▶ _Task directions_: Exclude images, then output the remaining data verbatim.

####################

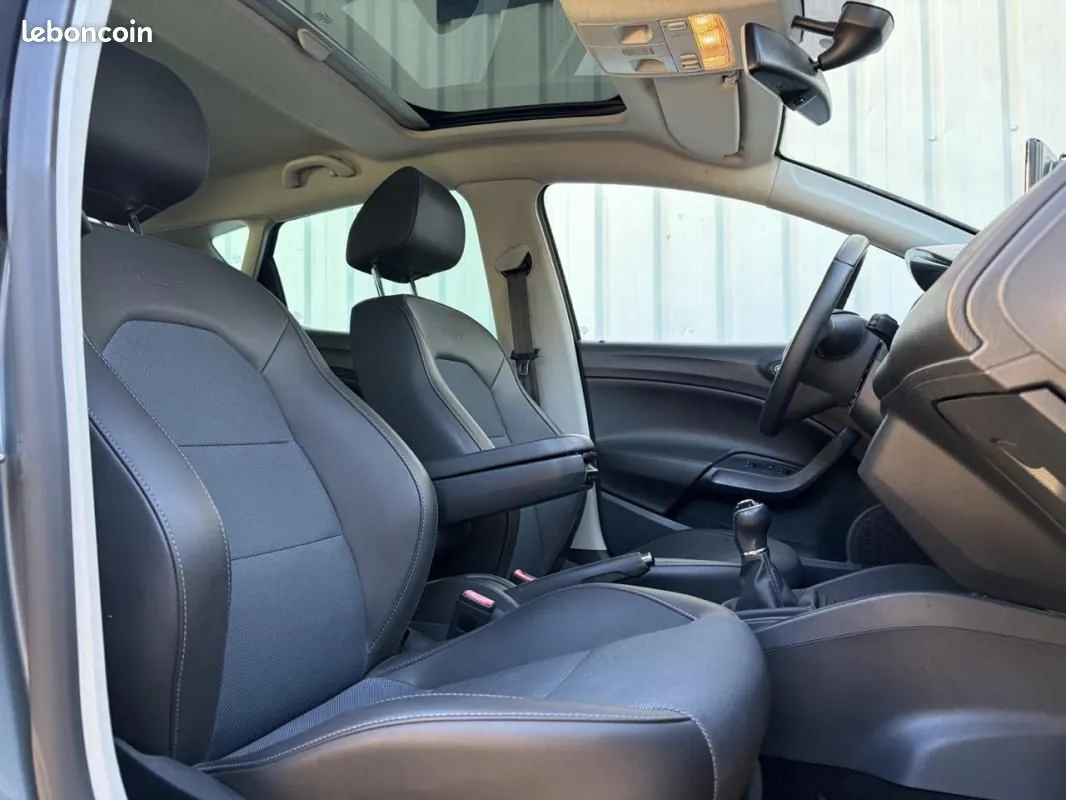 Seat Ibiza 2014 photo 5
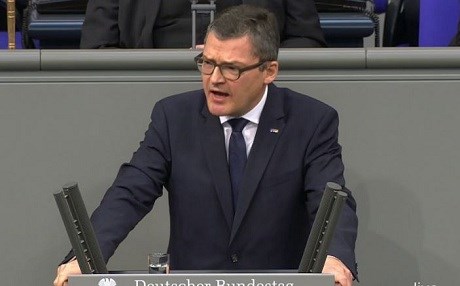 Parlamenterê Alman dibêje bila Rojava bibe herêmeke dije firînê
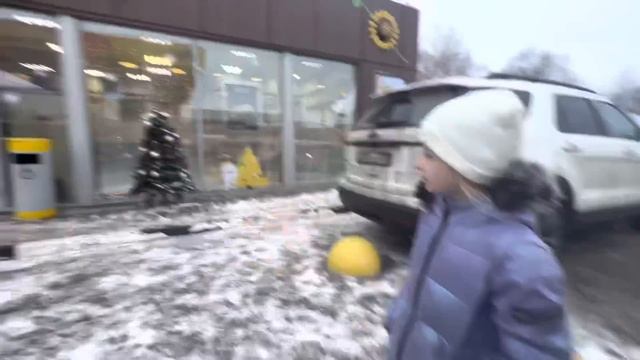 VLOG ? ЕДЕМ В МОСКВУ ВСТРЕЧАТЬ НОВЫЙ ГОД ? ВСТРЕЧА С КАТЕЙ ? смотреть онлайн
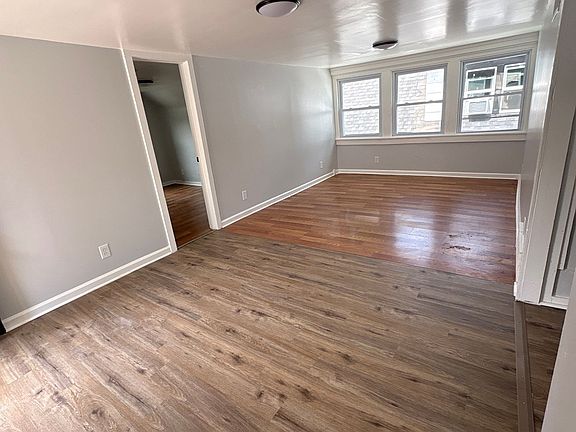 3rd image of 1044 Ann Ave #4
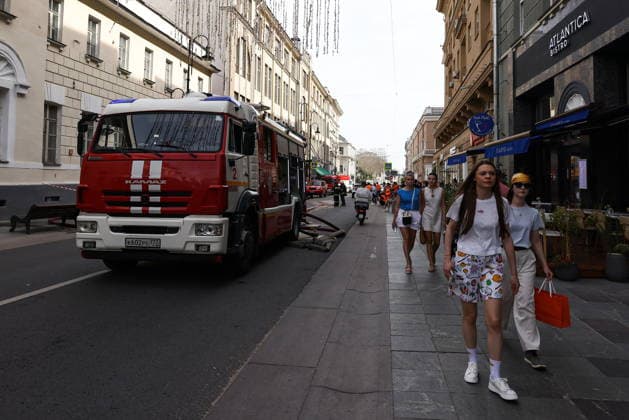 RUSSIA, MOSCOW - JULY 20, 2026: Emergency units respond to a fire of 20sqm in area on the attic floor of the Strastnoy Boulevard Building housing complex in central Moscow, 20 residents evacuating before the arrival of emergency services Moscow Russia  - ZUMAt113 20260720_zaa_t113_097 Copyright: xArtyomxGeodakyanx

####################

▶ _Task response_:
 Seat Ibiza 2014 photo 5
 Parlamenterê Alman dibêje bila Rojava bibe herêmeke dije firînê
 VLOG ? ЕДЕМ В МОСКВУ ВСТРЕЧАТЬ НОВЫЙ ГОД ? ВСТРЕЧА С КАТЕЙ ? смотреть онлайн
 3rd image of 1044 Ann Ave #4
 RUSSIA, MOSCOW - JULY 20, 2026: Emergency units respond to a fire of 20sqm in area on the attic floor of the Strastnoy Boulevard Building housing complex in central Moscow, 20 residents evacuating before the arrival of emergency services Moscow Russia  - ZUMAt113 20260720_zaa_t113_097 Copyright: xArtyomxGeodakyanx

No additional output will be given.